EXERCISE —
Please state the number of lines in the listing that contain the word "Picture", and nothing else.

INFORMATION —
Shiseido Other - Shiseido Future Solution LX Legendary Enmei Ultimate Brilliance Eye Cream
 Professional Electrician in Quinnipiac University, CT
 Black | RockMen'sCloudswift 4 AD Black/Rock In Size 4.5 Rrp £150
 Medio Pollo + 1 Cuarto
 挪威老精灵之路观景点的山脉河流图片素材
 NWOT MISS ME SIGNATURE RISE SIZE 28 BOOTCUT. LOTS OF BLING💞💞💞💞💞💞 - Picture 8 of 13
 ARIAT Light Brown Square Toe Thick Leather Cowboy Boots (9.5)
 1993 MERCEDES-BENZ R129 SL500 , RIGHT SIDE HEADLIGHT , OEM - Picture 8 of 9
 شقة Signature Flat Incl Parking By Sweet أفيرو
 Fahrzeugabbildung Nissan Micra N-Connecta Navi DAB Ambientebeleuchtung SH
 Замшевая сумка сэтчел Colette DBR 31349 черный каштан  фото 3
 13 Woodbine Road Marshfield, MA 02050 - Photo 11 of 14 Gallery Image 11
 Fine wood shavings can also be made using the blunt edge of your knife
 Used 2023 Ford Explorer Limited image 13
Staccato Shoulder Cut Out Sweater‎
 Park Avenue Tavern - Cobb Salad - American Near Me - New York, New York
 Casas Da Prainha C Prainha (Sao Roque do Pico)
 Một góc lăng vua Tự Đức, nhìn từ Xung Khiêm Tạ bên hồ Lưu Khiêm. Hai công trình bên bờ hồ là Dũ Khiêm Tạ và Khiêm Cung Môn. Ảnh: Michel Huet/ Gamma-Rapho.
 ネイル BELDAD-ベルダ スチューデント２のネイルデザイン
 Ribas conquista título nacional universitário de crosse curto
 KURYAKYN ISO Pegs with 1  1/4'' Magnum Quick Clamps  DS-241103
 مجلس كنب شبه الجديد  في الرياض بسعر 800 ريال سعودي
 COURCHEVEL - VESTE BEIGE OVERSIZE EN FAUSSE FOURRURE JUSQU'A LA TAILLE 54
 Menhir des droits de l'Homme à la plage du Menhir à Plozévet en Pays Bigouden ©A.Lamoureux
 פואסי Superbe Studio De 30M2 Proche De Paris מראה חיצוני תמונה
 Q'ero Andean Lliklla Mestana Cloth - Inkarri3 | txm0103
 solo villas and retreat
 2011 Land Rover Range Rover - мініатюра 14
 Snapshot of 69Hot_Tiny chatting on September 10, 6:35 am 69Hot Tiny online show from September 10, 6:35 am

RESPONSE TO THE EXERCISE —
2